§ **PROBLEM DESCRIPTION**: Range to copy from the entries below: the line containing "Bright living room" through the line containing "Image of Closeup", inclusive. Retype only those lines, exactly, without any images.

§ **DATA PROVIDED**:
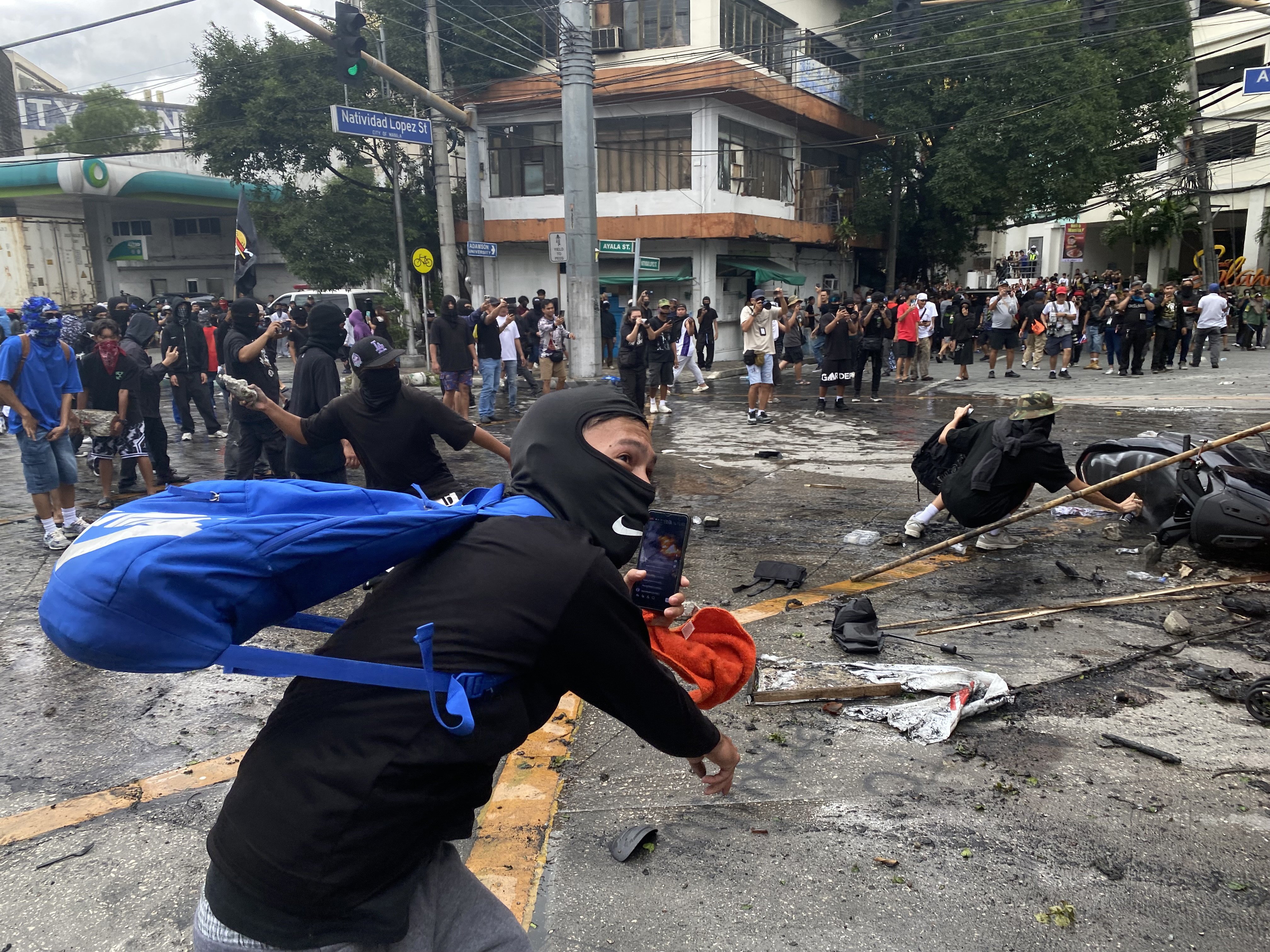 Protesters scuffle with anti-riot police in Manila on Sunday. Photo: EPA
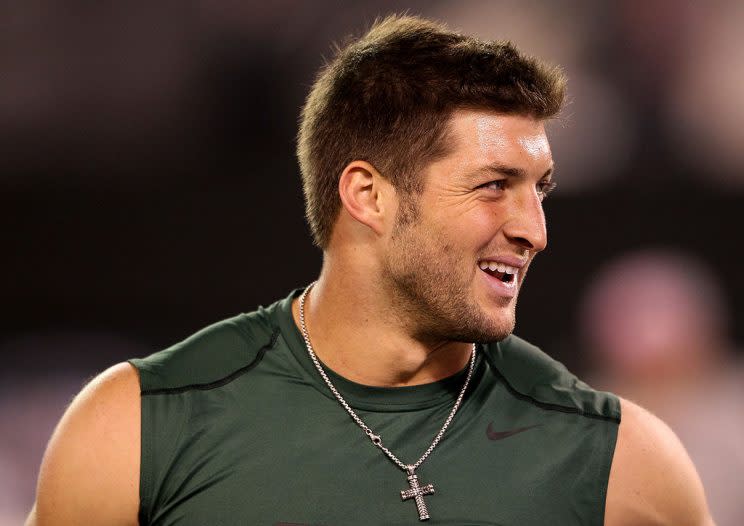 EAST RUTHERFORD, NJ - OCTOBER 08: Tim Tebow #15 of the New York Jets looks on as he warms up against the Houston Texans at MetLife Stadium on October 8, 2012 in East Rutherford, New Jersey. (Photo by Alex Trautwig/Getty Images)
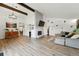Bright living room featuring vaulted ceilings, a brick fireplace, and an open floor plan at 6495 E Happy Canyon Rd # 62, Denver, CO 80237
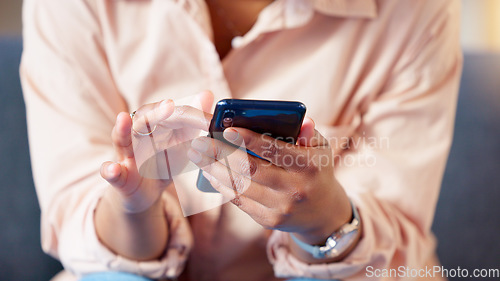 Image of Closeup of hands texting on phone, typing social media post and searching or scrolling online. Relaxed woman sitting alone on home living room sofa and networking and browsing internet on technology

---

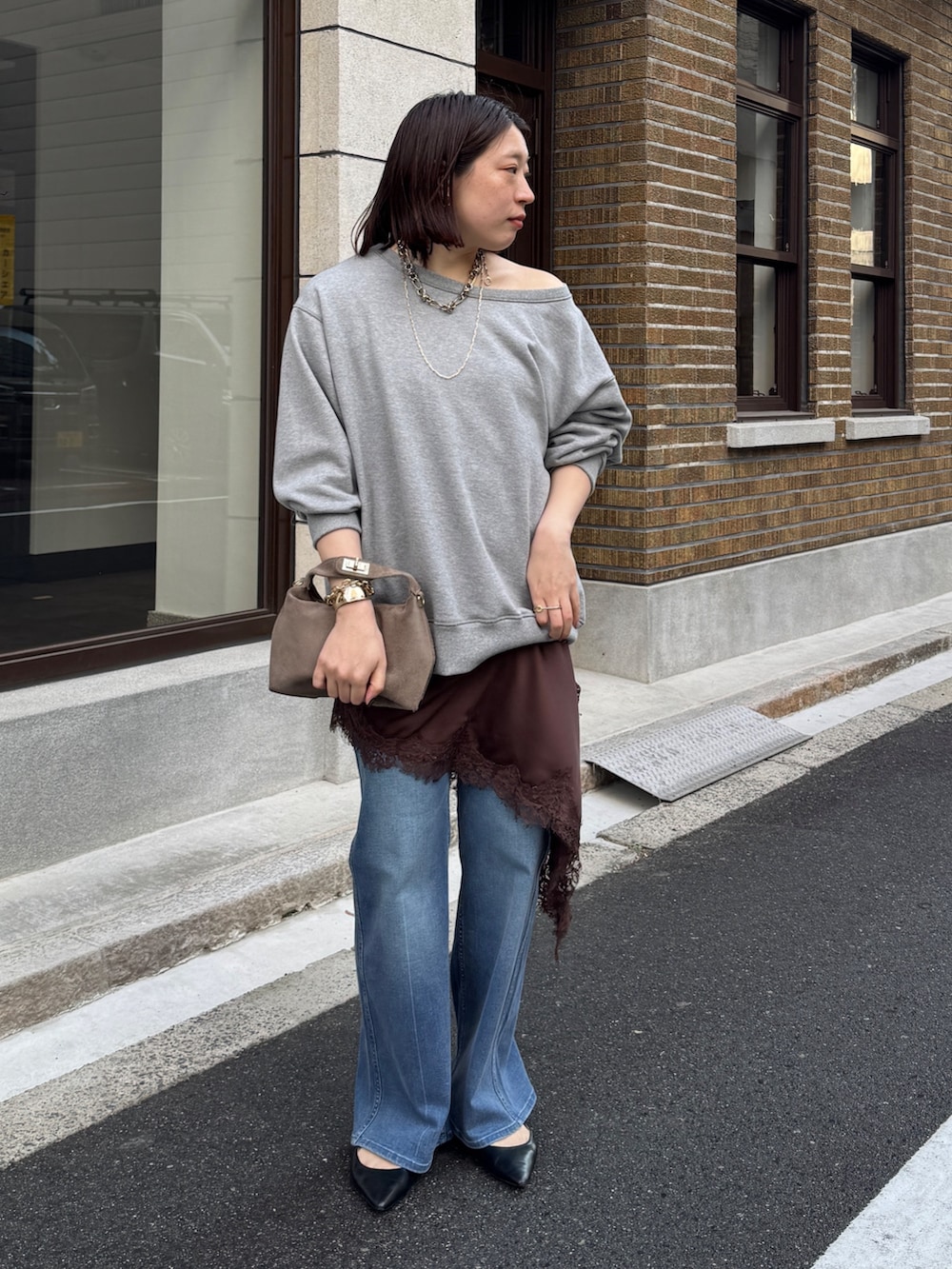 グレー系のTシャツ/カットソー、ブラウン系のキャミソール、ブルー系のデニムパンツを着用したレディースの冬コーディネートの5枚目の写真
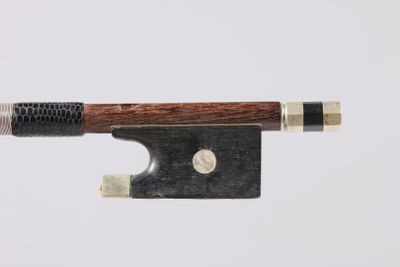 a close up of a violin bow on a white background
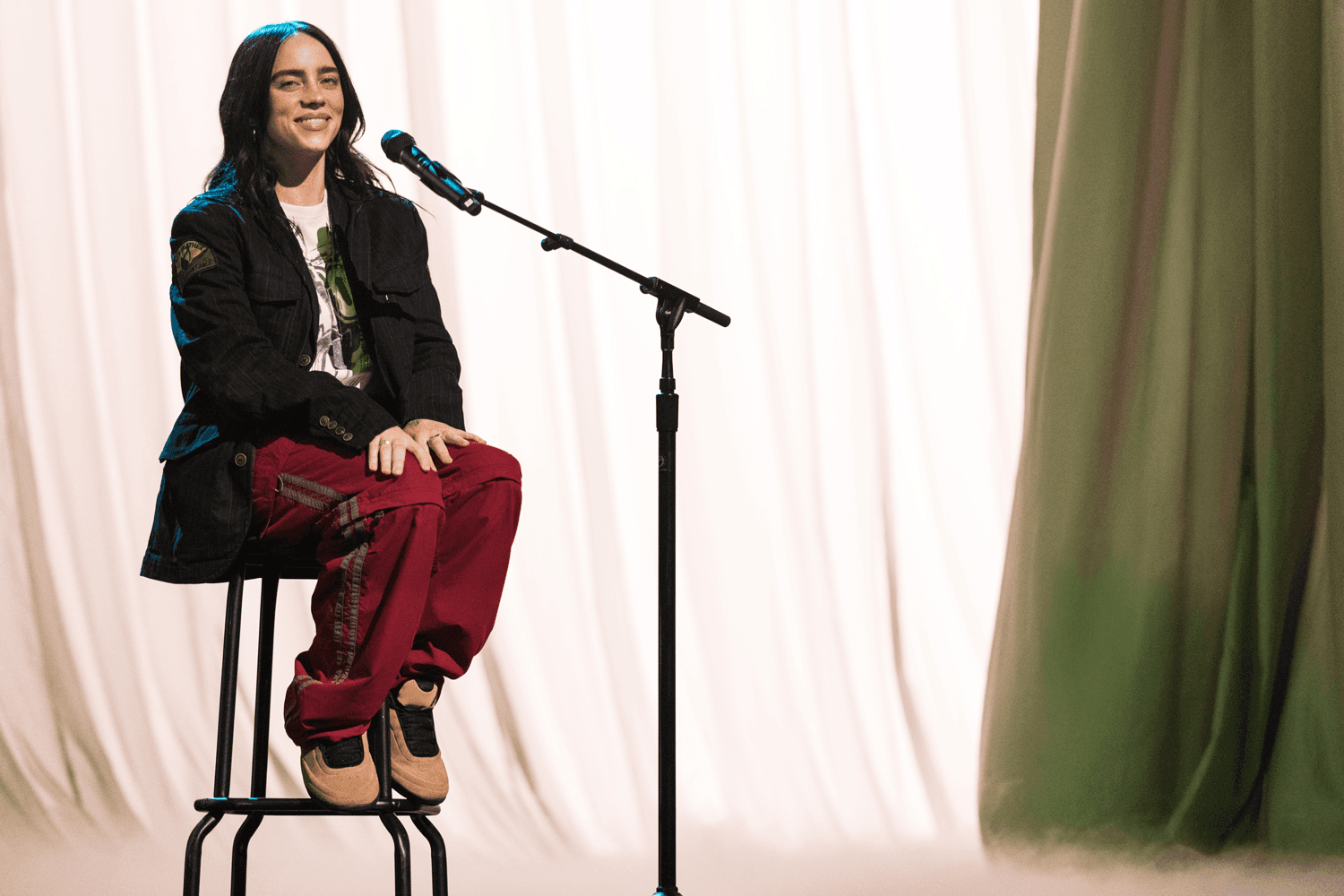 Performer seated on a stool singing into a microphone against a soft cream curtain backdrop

§ **WORKED SOLUTION**:
Bright living room featuring vaulted ceilings, a brick fireplace, and an open floor plan at 6495 E Happy Canyon Rd # 62, Denver, CO 80237
 Image of Closeup of hands texting on phone, typing social media post and searching or scrolling online. Relaxed woman sitting alone on home living room sofa and networking and browsing internet on technology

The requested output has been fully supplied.